[lxml-dev] Error (?) with UTF-8 document and Python unicode repr.

Hi. First of all, thanks for a great XML/HTML library! API is really good thought. I'm coming here with a problem with HTML doc encoded with UTF-8: $ cat test_doc.html <?xml version="1.0" encoding="UTF-8" ?> <!DOCTYPE html PUBLIC "-//W3C//DTD XHTML 1.0 Transitional//EN" "http://www.w3.org/TR/xhtml1/DTD/xhtml1-transitional.dtd"> <html xmlns="http://www.w3.org/1999/xhtml"> <head> <title>A*?Ä?ka</title> <meta http-equiv="Content-Type" content="text/html; charset=utf-8" /> </head> <body> <h1>GdaA*?sk</h1> </body> </html> ("title" and "h1" contents are utf-8 strings, decodable to latin2). From raw Python everything seems to be as expected:
sdata = open('test_doc.html').read() sdata[219:240] '<title>\xc5\x81\xc4\x85ka</title>' udata = unicode(sdata, 'utf-8') udata[219:240] u'<title>\u0141\u0105ka</title>\n ' print udata[219:240].encode('latin2') <title>Łąka</title>
The last statement prints as expected on my console with latin2 charset. But when using lxml something strange happens:
from lxml import etree t = etree.parse(open('test_doc.html'), etree.HTMLParser())
Now getting title element text:
t.getroot()[0][0].text u'\xc5\x81\xc4\x85ka'
t.getroot()[0][0].text.encode('latin2') Traceback (most recent call last): File "<stdin>", line 1, in <module> File "/usr/share/python2.5/encodings/iso8859_2.py", line 12, in encode return codecs.charmap_encode(input,errors,encoding_table) UnicodeEncodeError: 'charmap' codec can't encode character u'\xc5' in
This is strange, because this is a unicode string (as indicated by the first "u") but it's representation printed to console is the same as raw bytes from 'sdata' var. I would expect that it should be equal to contents to 'udata' var. As a consequence converting to latin2 doesn't work: position 0: character maps to <undefined> If it's not an error, please tell me. For now I cannot even find any reasonable workaround.
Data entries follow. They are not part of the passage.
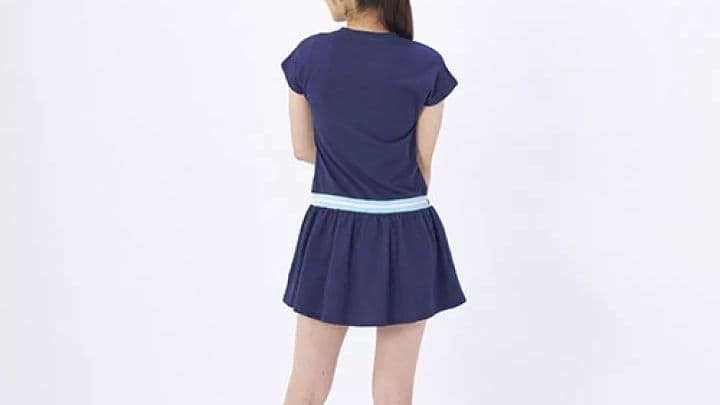 値下げ！新品タグ付❤フィラ FILA テニスウェア ワンピース 2024新製品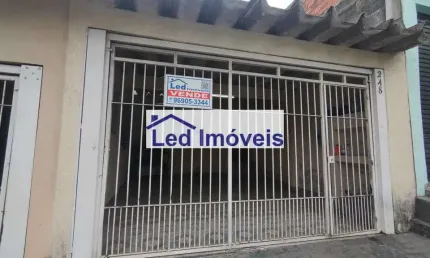 Casa com 3 quartos, jaguaribe, osasco - r$ 600 mil, cod: 2475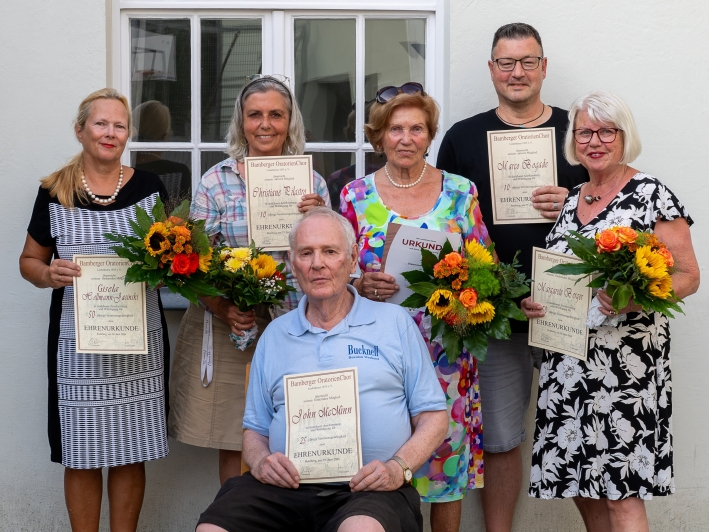 Langer Atem im Bamberger Oratorienchor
I'm using the latest lxml 1.3.6. Thanks for looking at this problem, Regards, Artur

Hi! Am Donnerstag, den 29.11.2007, 00:19 +0100 schrieb Artur Siekielski:
But when using lxml something strange happens:
from lxml import etree t = etree.parse(open('test_doc.html'), etree.HTMLParser())
Now getting title element text:
t.getroot()[0][0].text u'\xc5\x81\xc4\x85ka'
Did you try it with the h1-Element? Has it the same problem? I remember some discussions on the list about a similar problem. As far as I remember, libxml might have problems decoding the title properly, because the charset hint comes after the title has already been parsed. But I don't currently know any good workarounds. Maybe somebody else does, or you have a look at the list archive. Cheers, Frederik

Frederik Elwert wrote:
Hi!
Am Donnerstag, den 29.11.2007, 00:19 +0100 schrieb Artur Siekielski:
But when using lxml something strange happens:
from lxml import etree t = etree.parse(open('test_doc.html'), etree.HTMLParser())
Now getting title element text:
t.getroot()[0][0].text u'\xc5\x81\xc4\x85ka' Did you try it with the h1-Element? Has it the same problem?
Yes, with h1 there is the same error. But I noticed that when I moved meta tag with charset declaration before <title>, then all parsing goes OK, including h1 tag. So it's libxml2 bug/limitation (I tried latest libxml2 from trunk and it's the same)? I'm parsing 3rd party HTML, so I must find some workaround. Is this good solution: parse HTML, change elements sequence in <head>, serialiaze document and parse it again ? Regards, Artur

Am Donnerstag, den 29.11.2007, 18:21 +0100 schrieb Artur Siekielski:
Yes, with h1 there is the same error. But I noticed that when I moved meta tag with charset declaration before <title>, then all parsing goes OK, including h1 tag. So it's libxml2 bug/limitation (I tried latest libxml2 from trunk and it's the same)?
I'm parsing 3rd party HTML, so I must find some workaround. Is this good solution: parse HTML, change elements sequence in <head>, serialiaze document and parse it again ?
No, I think the better way would be to parse it, look for the encoding (either by looking at <tree>.docinfo.encoding or looking for the meta-Tag with find()), and then reparse the unaltered document, now using the "encoding" keyword. This is what Stefan suggests: http://article.gmane.org/gmane.comp.python.lxml.devel/3001/ Cheers, Frederik

Frederik Elwert napisał:
No, I think the better way would be to parse it, look for the encoding (either by looking at <tree>.docinfo.encoding or looking for the meta-Tag with find()), and then reparse the unaltered document, now using the "encoding" keyword. This is what Stefan suggests: http://article.gmane.org/gmane.comp.python.lxml.devel/3001/
Hi, thanks for suggestion. But how can I pass the "encoding" keyword? Neither etree.parse nor etree.HTMLParser supports it.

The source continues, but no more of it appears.